CableLabs is tackling these challenges with pioneering approaches:
- Coexistence strategies. A novel method enables sensing on active fiber networks without compromising broadband data channels. By using only a fraction of the fiber spectrum, operators can embed distributed sensors into live networks, eliminating the need for dedicated fiber strands and unlocking cost-effective scalability.
- Low-power coded sequences. CableLabs has demonstrated techniques that allow sensing signals to coexist seamlessly with traditional data channels, paving the way for integration without service disruption and enabling self-learning networks.
- Adaptive sensing algorithms. Leveraging AI and ML, these algorithms dynamically adjust to changing environments, improving detection accuracy and reducing false positives.
The cable industry now has a unique opportunity to lead in shaping sensing frameworks and driving global standards.

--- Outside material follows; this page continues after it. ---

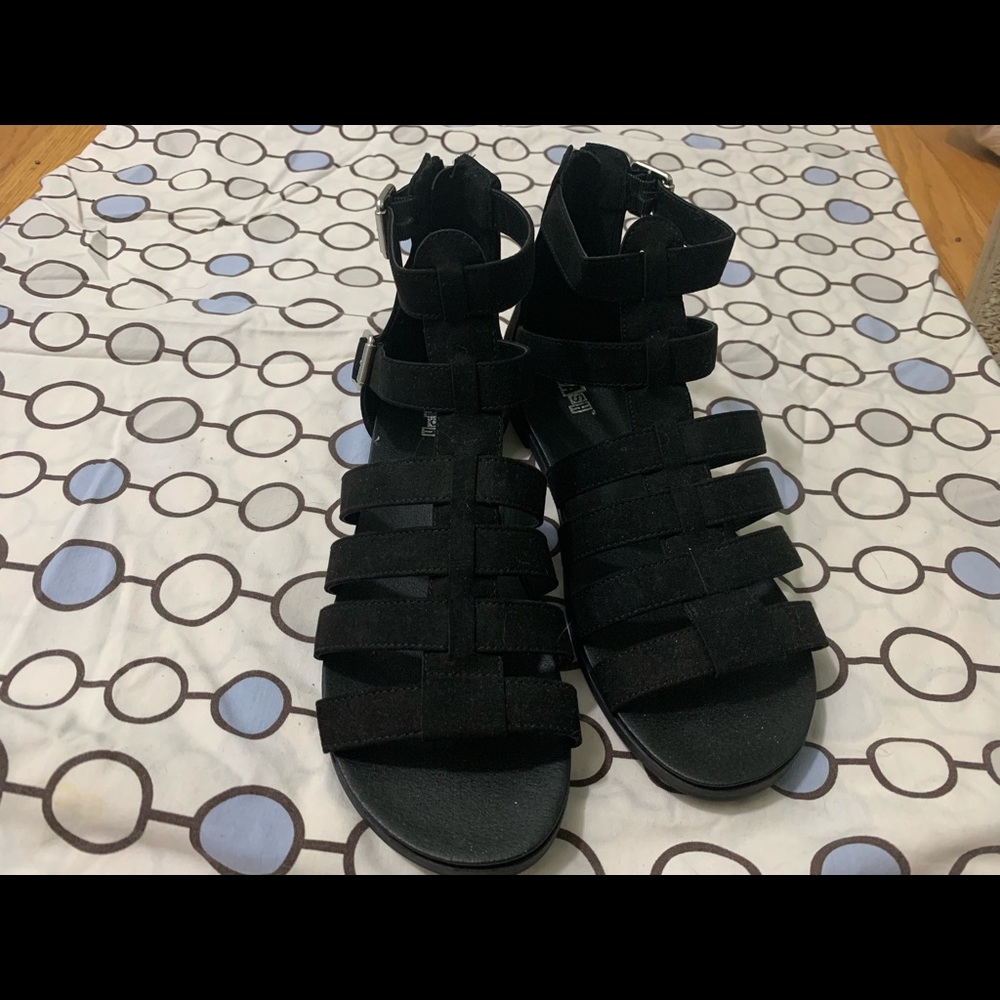 Black Sandals 💚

Join the Sensing Revolution
DFOS is more than a technical innovation; it’s a strategic asset for cable operators. By transforming fiber into a sensing platform, the industry can unlock new capabilities in resilience, intelligence and environmental awareness.
CableLabs invites operators, vendors and researchers to collaborate on field trials, standards development and commercialization strategies. Whether you're exploring sensing-as-a-service models or integrating AI-driven analytics, now is the time to engage. Reach out to us, Dr. Steve Jia and Dr. Karthik Choutagunta, to get started.
The future of cable isn’t just about faster speeds. It’s about smarter, more intelligent networks that anticipate, adapt and protect. CableLabs’ vision is to transform connectivity into a platform for innovation, where networks do more than transmit data: They sense, learn and respond in real time.